With the aim of hastening the retirement and repurposing of coal-fired power plants, multilateral banks have proposed a $2.67 billion financing program called Climate Investment Fund (CIF) Accelerating Coal Transition (ACT) Program Investment Plan Report (IP) in order to minimize its impact on the people and allow clean alternative financing.
In a report by the Manila Standard, a draft business plan to determine prospective areas for several banks, particularly the Asian Development Bank (ADB), the International Finance Corp. (IFC) and the World Bank (WB) to invest in was released.
The funding proposal, which is currently subject to consultations, includes a strategic $500 million in CIF-ACT, a $1.336 billion leverage in multilateral development bank co-financing, and an additional $830 million allocated in other co-financing implementing investments for expediting energy transition in accordance with a thorough coal phase-down approach.

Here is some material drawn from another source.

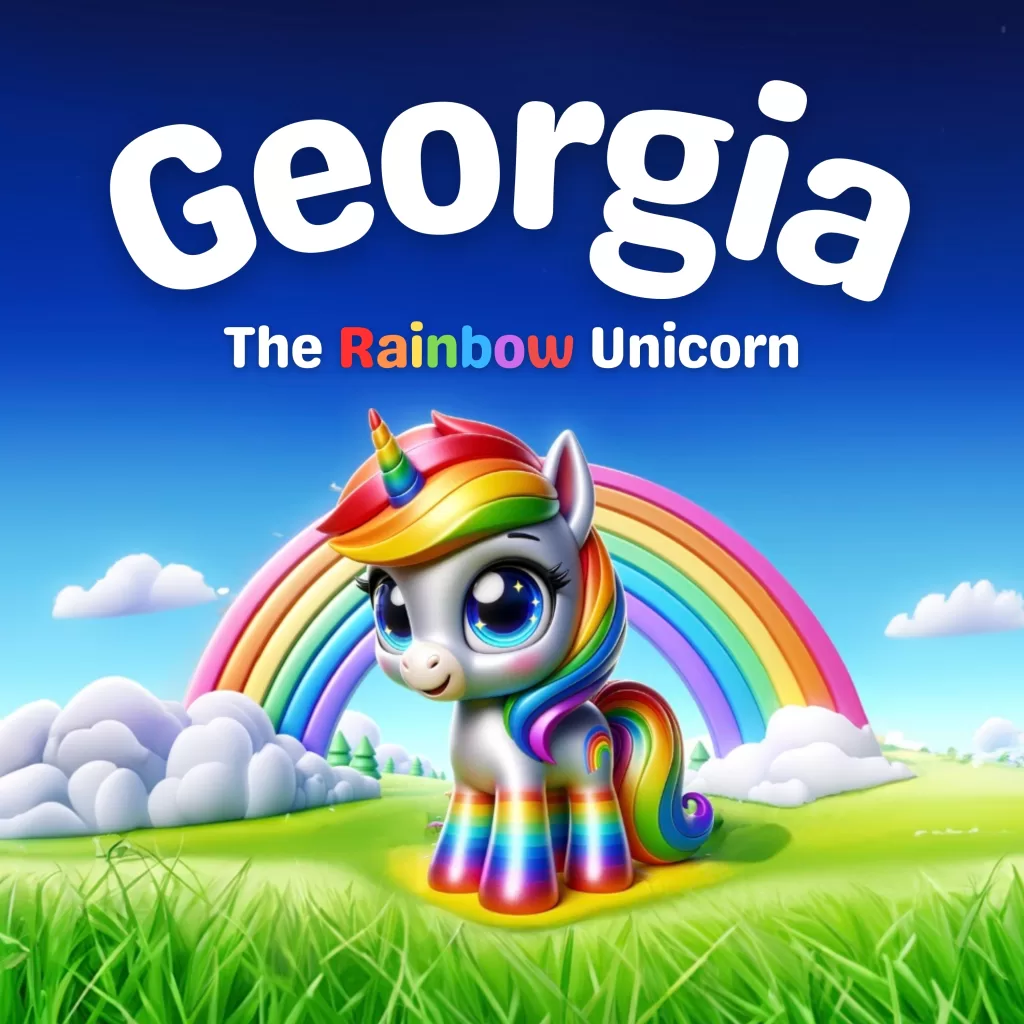 Georgia the Rainbow Unicorn text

The proposal is designed to resolve associated challenges in terms of energy transition, people and communities, land, and infrastructure.

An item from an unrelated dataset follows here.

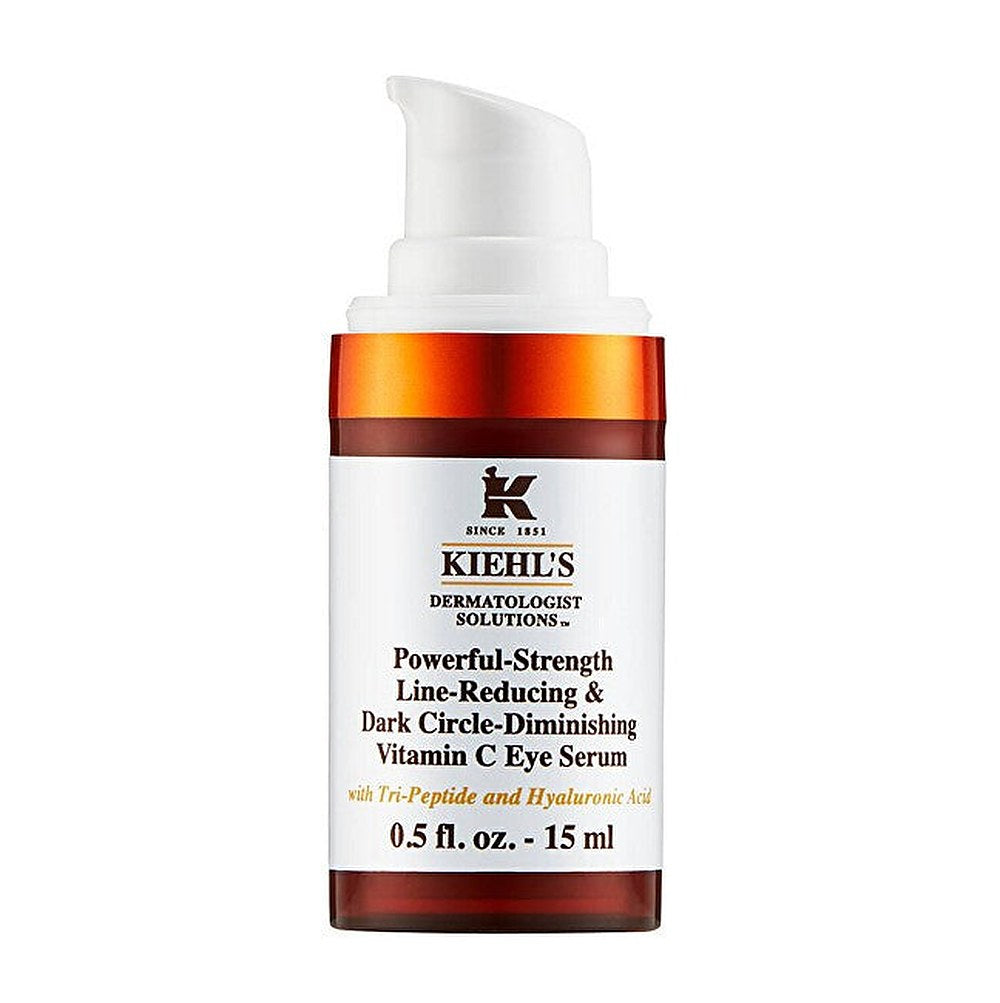 Kiehl's Dermatologist Solutions C-vitamiinin silmäseerumi Tehokas ryppyjä ja tummia silmänalusia vähentävä aine C-vitamiinilla 15 ml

Earlier, coal accounted for major increases in carbon emissions in the country, with 44 percent of the total installed generation capacity, 60 percent of the total generation, and 55.4 percent of the country’s total emissions by fuel type last year.
The report also mentioned the average life of coal-fired power plants ranging from 12 to 13 years, which could hinder efforts for the renewable energy transition goals of the country.
Meanwhile, the country committed to a 75-percent reduction in greenhouse gas (GHG) emissions from 2020-2030, under its enhanced Nationally Determined Contribution (NDC) in the Paris Agreement.